Marjorie Yang has witnessed firsthand the progress China has made over the last 20 years. It was evident on her way to the Beijing airport for her flight to New York, when she stopped at an electronics factory that had been converted into an art gallery to have a latte with a friend.

"It just didn't feel like Beijing, it felt like I had already arrived in New York," said Yang, chairman and chief executive officer of Esquel Group, the world's largest producer of cotton shirts. "The most amazing thing was the ladies' room. It was incredibly beautiful. If I had time I would have changed these slides to show you those pictures. It's just been amazing."

Yang's awe at China's advances in caffeine and plumbing fade quickly, however, when she considers the challenges facing Esquel and the country's apparel and textiles industry as a whole.
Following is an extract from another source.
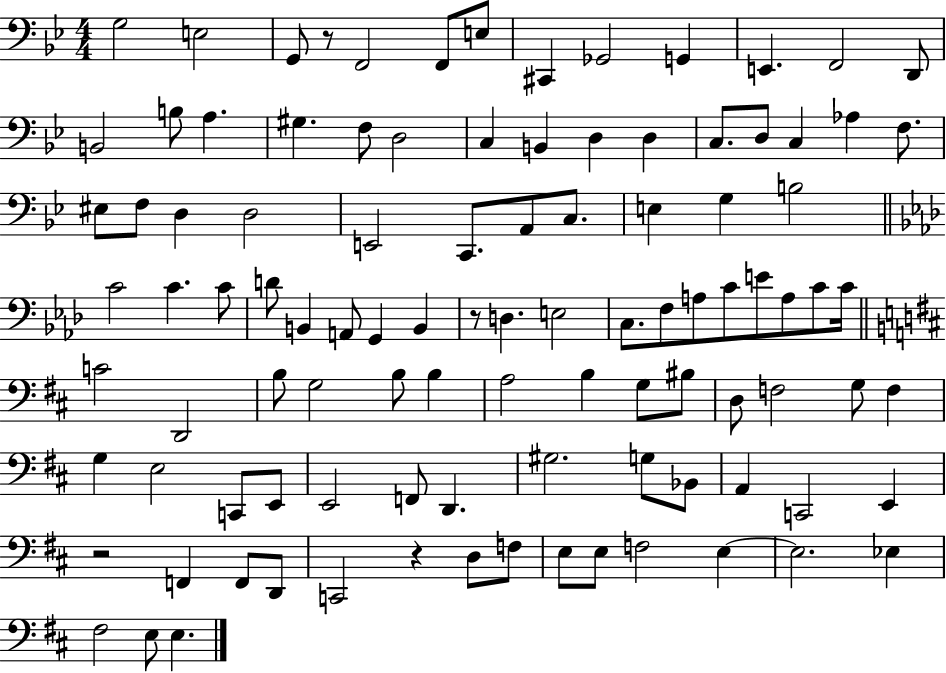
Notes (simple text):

G3/h E3/h G2/e R/e F2/h F2/e E3/e C#2/q Gb2/h G2/q E2/q. F2/h D2/e B2/h B3/e A3/q. G#3/q. F3/e D3/h C3/q B2/q D3/q D3/q C3/e. D3/e C3/q Ab3/q F3/e. EIS3/e F3/e D3/q D3/h E2/h C2/e. A2/e C3/e. E3/q G3/q B3/h C4/h C4/q. C4/e D4/e B2/q A2/e G2/q B2/q R/e D3/q. E3/h C3/e. F3/e A3/e C4/e E4/e A3/e C4/e C4/s C4/h D2/h B3/e G3/h B3/e B3/q A3/h B3/q G3/e BIS3/e D3/e F3/h G3/e F3/q G3/q E3/h C2/e E2/e E2/h F2/e D2/q. G#3/h. G3/e Bb2/e A2/q C2/h E2/q R/h F2/q F2/e D2/e C2/h R/q D3/e F3/e E3/e E3/e F3/h E3/q E3/h. Eb3/q F#3/h E3/e E3/q.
She is aware that China's momentum is in danger of slowing if the country fails to take the next step and transform itself into something other than the world's low-cost manufacturing hub.

"The perception that China is the world's factory in turning out low-value products is largely true," said Yang. "However, this certainly gives rise to trade friction as well as questions of sustainability."

According to Yang, China accounts for one-third of the world's fiber production and is the largest consumer of cotton in the world, a fact that has played to the advantage of the U.S. cotton industry. "In fact, China imports more than 1.5 million tons of cotton annually from the U.S.," said Yang. China's textile mills also have 70 million spindles, more than one-third of the world's total, according to Yang.

The end result is China is responsible for churning out 42 billion pieces of apparel annually and, as Yang noted, more than half of that production is for its domestic market. Large brands are in the process of hooking those consumers, said Yang, and are a major force fueling changing attitudes.

"Brands such as Nike are capturing the hearts of the Chinese consumer," said Yang.

She is now in the position of making sure Esquel doesn't get left behind, which involves adopting a different set of business philosophies and practices.